The aerospace industry was one of the first adopters of AM technology. Design engineers are constantly searching for ways to make aircraft lighter, faster, and more fuel-efficient. They recognized early on that 3D printing in aerospace saves time and money in design, greatly contributes to weight reduction, and it allows complex parts and tools to be created in one piece. Further, AM supports aviation innovation through the ability to fail faster.

Additive vs. Conventional Manufacturing

In aerospace, knowing what won’t work is equally important as knowing what will work because there is no margin for failure. Everything must perform flawlessly. Using the time-tested methods of subtractive manufacturing, engineers know what they’re going to get. Still, progressing through the many steps and iterations of mold production during prototype design remains a long and expensive process.

AM removes many design constraints, allowing complex geometries to be printed as a seamless part. Improvements in materials enable the printing of stronger yet lighter parts and tools. Advancements like Essentium’s High-Speed Extrusion (HSE) technology allow manufacturers to quickly iterate on design to test against various stresses for failure points. If a flaw is detected or a design change is needed during printing, they can press Cancel, input the new file, and press Print again. No need to wait weeks for a faulty mold to arrive before discovering problems. Though challenges such as the arduous process of certifying filaments and testing 3D printed part performance to FAA or Department of Defense (DoD) standards remain, the speed with which engineers achieve final design can be compressed from months to days.

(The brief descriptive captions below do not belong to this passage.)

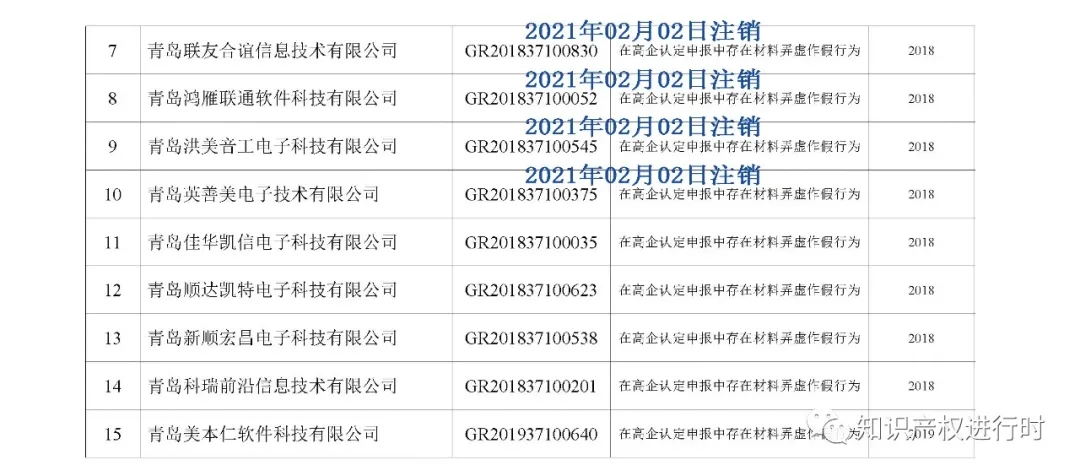 高新技术企业政策最新变化(图6)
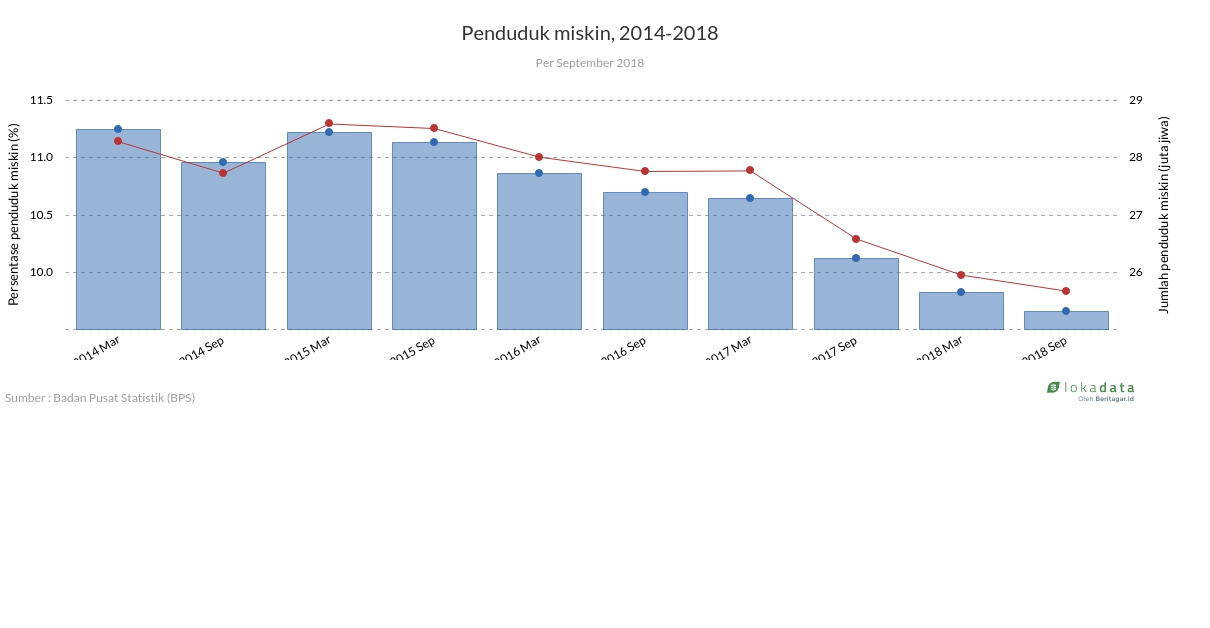 Penduduk miskin, 2014-2018 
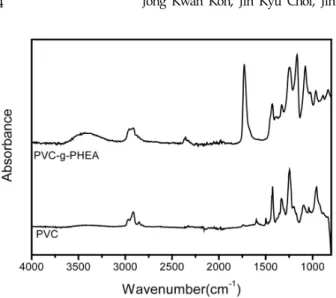 Fig. 1. FT-IR spectra of PVC, HEA and PVC-g-PHEA. 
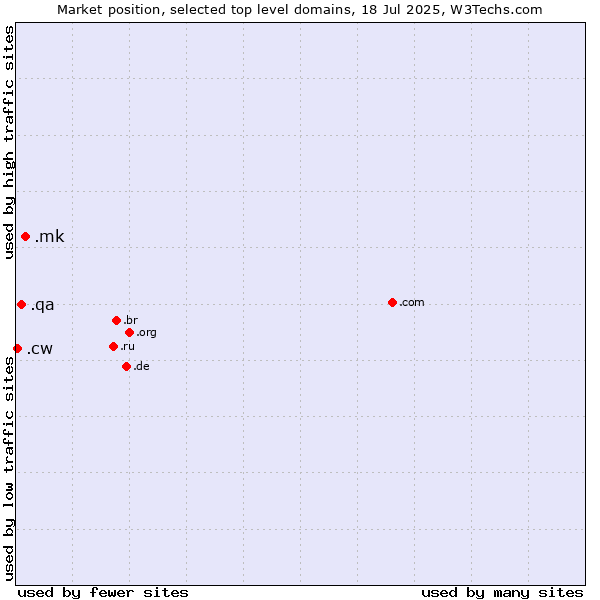 Market position of .mk (North Macedonia) vs. .qa (Qatar) vs. .cw (Curaçao)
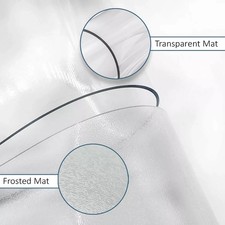 2mm Clear PVC Sheet 145cm Wide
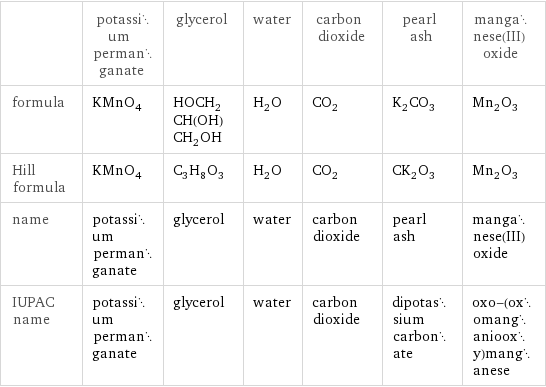  | potassium permanganate | glycerol | water | carbon dioxide | pearl ash | manganese(III) oxide formula | KMnO_4 | HOCH_2CH(OH)CH_2OH | H_2O | CO_2 | K_2CO_3 | Mn_2O_3 Hill formula | KMnO_4 | C_3H_8O_3 | H_2O | CO_2 | CK_2O_3 | Mn_2O_3 name | potassium permanganate | glycerol | water | carbon dioxide | pearl ash | manganese(III) oxide IUPAC name | potassium permanganate | glycerol | water | carbon dioxide | dipotassium carbonate | oxo-(oxomanganiooxy)manganese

Current Status of AM in Aerospace

Today, most of the applications best suited for AM in aerospace involve the production of jigs and fixtures for ground support tooling and aircraft maintenance. In-flight use cases for 3D printed parts are still few in number, as the stresses of flight are great and the industry is still in the early stages of developing certifications for flight-critical 3D printed parts. Currently, 3D printing is limited to non-critical, non-load-bearing aircraft parts such as cup holders, lavatory lids, air ducts, and customized interior panels. However, one aerospace application for which AM is uniquely suited is the recreation of broken parts and tools. Perhaps the frame of an instrument panel cracked, or a handle on a control surface lever broke. When a critical replacement part cannot be sourced through typical supply chains, 3D printing allows for reverse engineering; the original part can be CAD-scanned and a new one printed in a just few hours. Staving off obsolescence is one of the biggest drivers for AM in aerospace, and will be discussed further in Part Three of this series.

The Future of Additive Manufacturing in Aerospace

Going forward, Essentium believes a blended approach will yield the best results for the aerospace community. Using AM in concert with conventional manufacturing methods will allow designers to quickly and more affordably create and test next-generation aerospace concepts.

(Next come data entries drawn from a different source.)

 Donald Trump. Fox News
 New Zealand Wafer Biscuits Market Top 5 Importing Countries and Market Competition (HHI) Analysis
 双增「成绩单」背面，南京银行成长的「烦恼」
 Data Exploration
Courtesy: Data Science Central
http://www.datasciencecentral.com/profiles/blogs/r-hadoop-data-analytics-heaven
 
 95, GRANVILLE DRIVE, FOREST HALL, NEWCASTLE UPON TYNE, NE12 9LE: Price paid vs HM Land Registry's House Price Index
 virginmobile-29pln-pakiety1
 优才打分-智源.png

Drawn by the promise of weight minimization, the ability to condense multiple parts with complex geometries into a single printed piece to reduce assembly steps, and new applications like lightweight autonomous flying drones, Essentium sees a growing list of opportunities for load-bearing 3D printed parts. As designers become more comfortable with AM technology and governing agencies create the necessary certification standards for 3D printed parts, expect everything from aircraft door latches to drone blades and engine components to transition to AM.

The key to AM adoption in aerospace will be the development of next-generation materials that can handle the stresses of flight. Essentium is known for its expertise in material science and chemistry and has a portfolio of high-temperature, fiber-reinforced, and ESD-safe filaments on the market or in development. Optimized for aerospace applications, Essentium materials deliver the strength of steel at a fraction of the weight and cost, while meeting industry flame/smoke/toxicity requirements for in-flight use.